The recognition and localization of rebar binding points are performed in two main stages. First, based on machine vision and deep learning techniques, the rebar binding points and their pose-defining keypoints are detected, and their three-dimensional spatial coordinates are obtained in the camera coordinate frame. Subsequently, using the hand–eye calibration results, the spatial coordinates of these keypoints are transformed from the camera coordinate frame to the manipulator base coordinate frame. Second, after acquiring the three-dimensional coordinates of all keypoints in the manipulator base frame, vector and matrix operations are employed to further compute the pose of the target rebar intersection with respect to the manipulator base coordinate frame. This provides accurate and reliable target pose information for subsequent manipulator path planning and rebar binding execution.
3.1.1. Rebar Binding Point Recognition
To obtain the three-dimensional pose information of rebar binding points, the recognition results are defined as follows.
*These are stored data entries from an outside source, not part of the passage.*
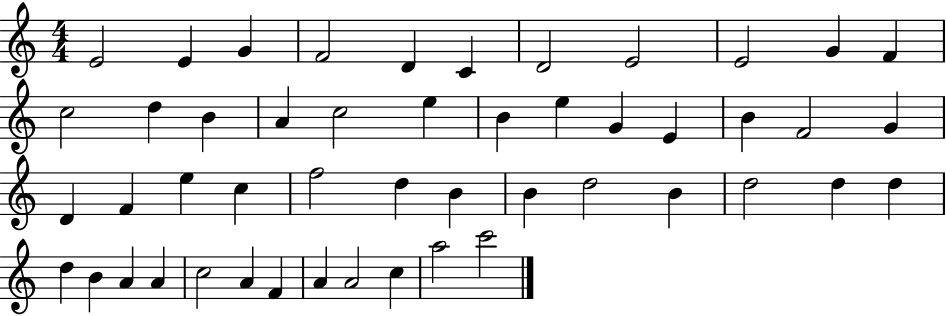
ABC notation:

X:1
T:Untitled
M:4/4
L:1/4
K:C
E2 E G F2 D C D2 E2 E2 G F c2 d B A c2 e B e G E B F2 G D F e c f2 d B B d2 B d2 d d d B A A c2 A F A A2 c a2 c'2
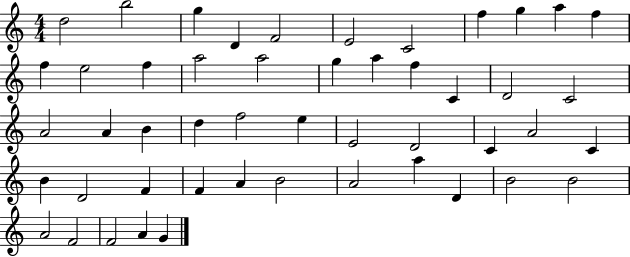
D5/h B5/h G5/q D4/q F4/h E4/h C4/h F5/q G5/q A5/q F5/q F5/q E5/h F5/q A5/h A5/h G5/q A5/q F5/q C4/q D4/h C4/h A4/h A4/q B4/q D5/q F5/h E5/q E4/h D4/h C4/q A4/h C4/q B4/q D4/h F4/q F4/q A4/q B4/h A4/h A5/q D4/q B4/h B4/h A4/h F4/h F4/h A4/q G4/q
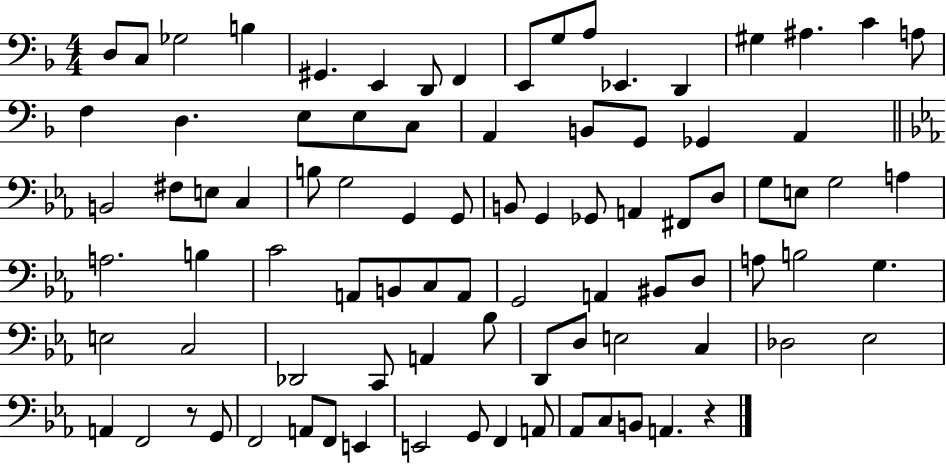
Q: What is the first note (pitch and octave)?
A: D3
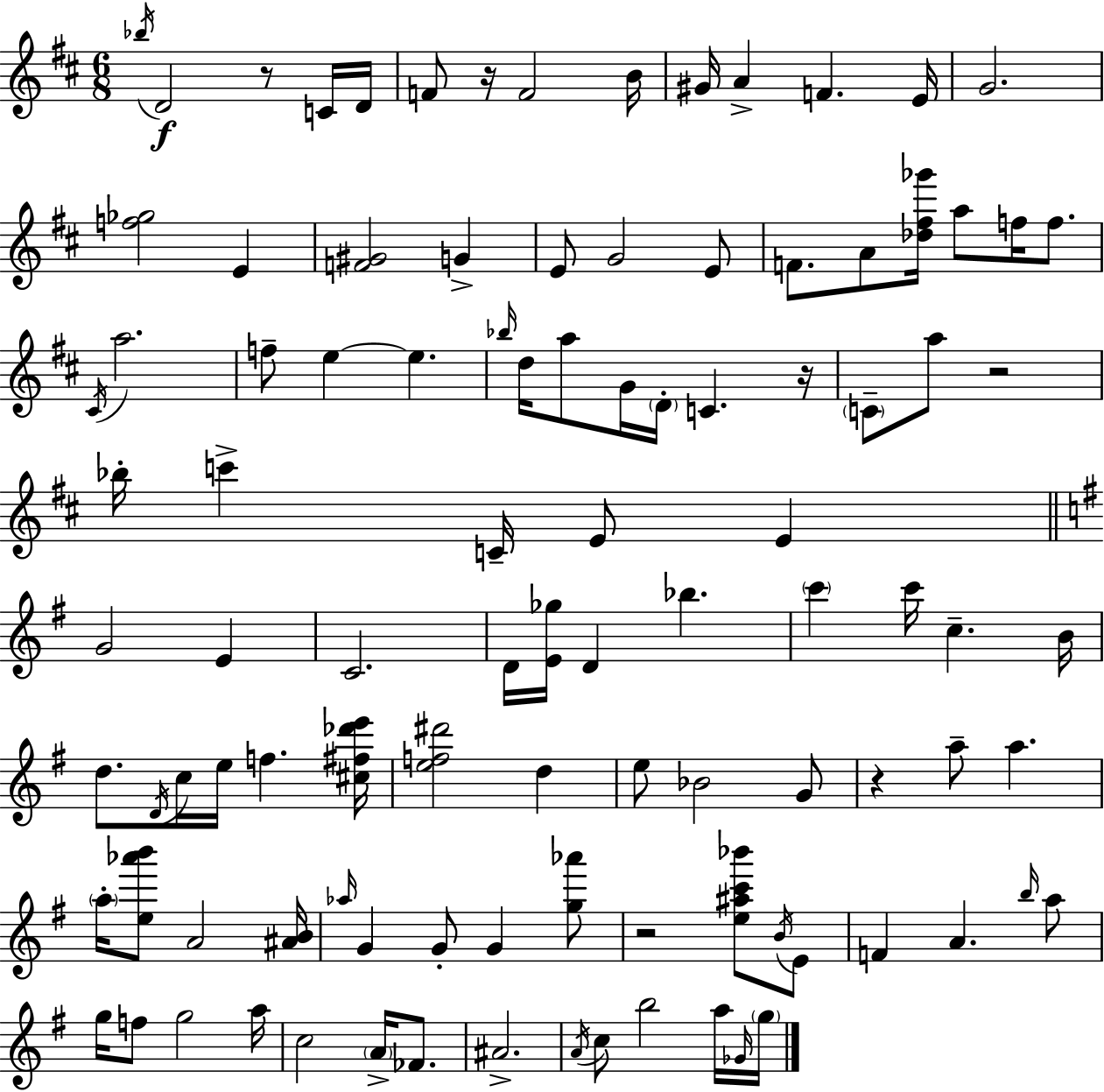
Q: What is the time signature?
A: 6/8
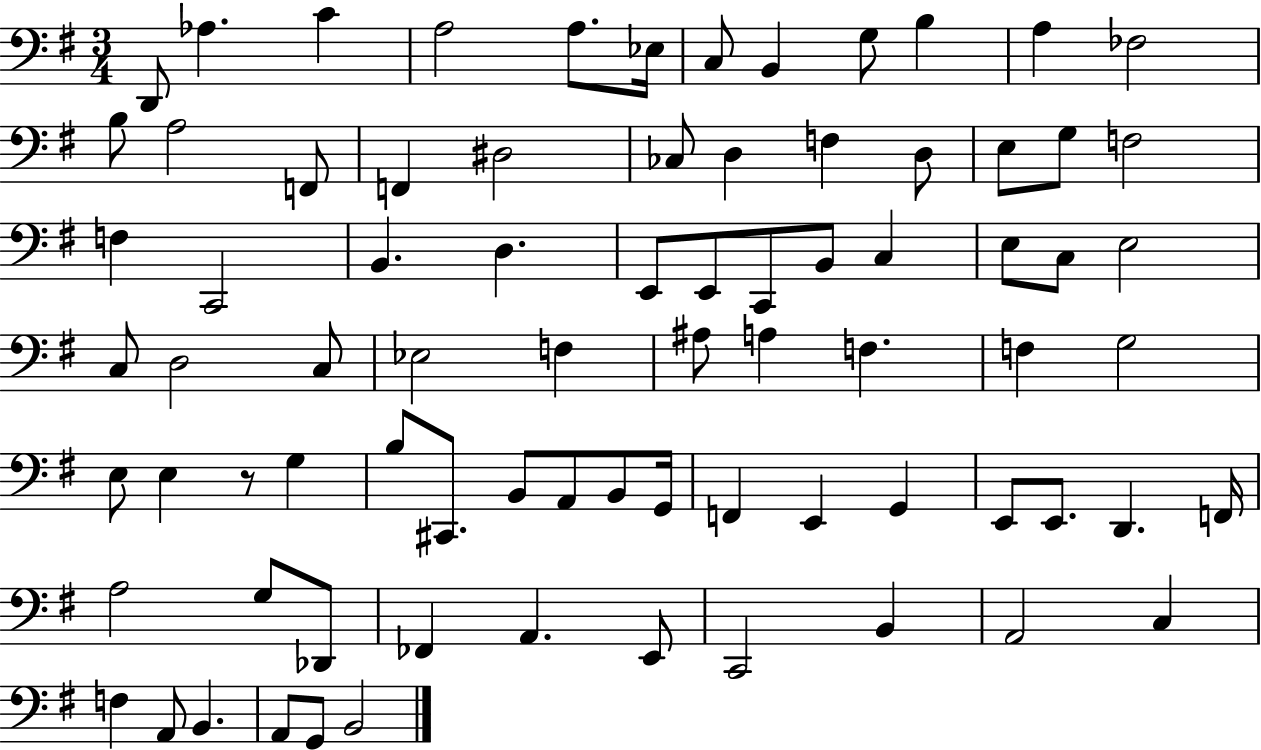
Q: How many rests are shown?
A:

As illustrated in
Figure 2, the output includes the binding state of each rebar binding point, as well as the positions of five keypoints denoted as c, u, l, d, and r. These keypoints characterize the geometric structure of the rebar intersection region and provide essential spatial constraints for subsequent pose estimation of the target binding point.
Deep learning-based object detection methods exhibit strong robustness and good adaptability in complex environments. The YOLO family of algorithms [
39], as representative single-stage object detectors, achieves favorable real-time performance while maintaining competitive detection accuracy. Among them, YOLOv8 is a mature version that integrates pose and keypoint detection capabilities. Its pose model can directly output target keypoints, which effectively meets the requirements of binding state determination and spatial pose recognition for rebar binding points. Therefore, the YOLOv8n-pose model is selected as the baseline model for rebar binding point recognition in this study. As the smallest-scale network in the YOLOv8 family, YOLOv8n-pose offers relatively low computational complexity and fast inference speed while preserving high detection accuracy. However, in the rebar binding application scenario—characterized by limited onboard computing resources and complex working environments—there remains room for further improvement in real-time performance. To address this issue, this paper introduces targeted improvements to the network structure and loss function of the YOLOv8n-pose model, as detailed below.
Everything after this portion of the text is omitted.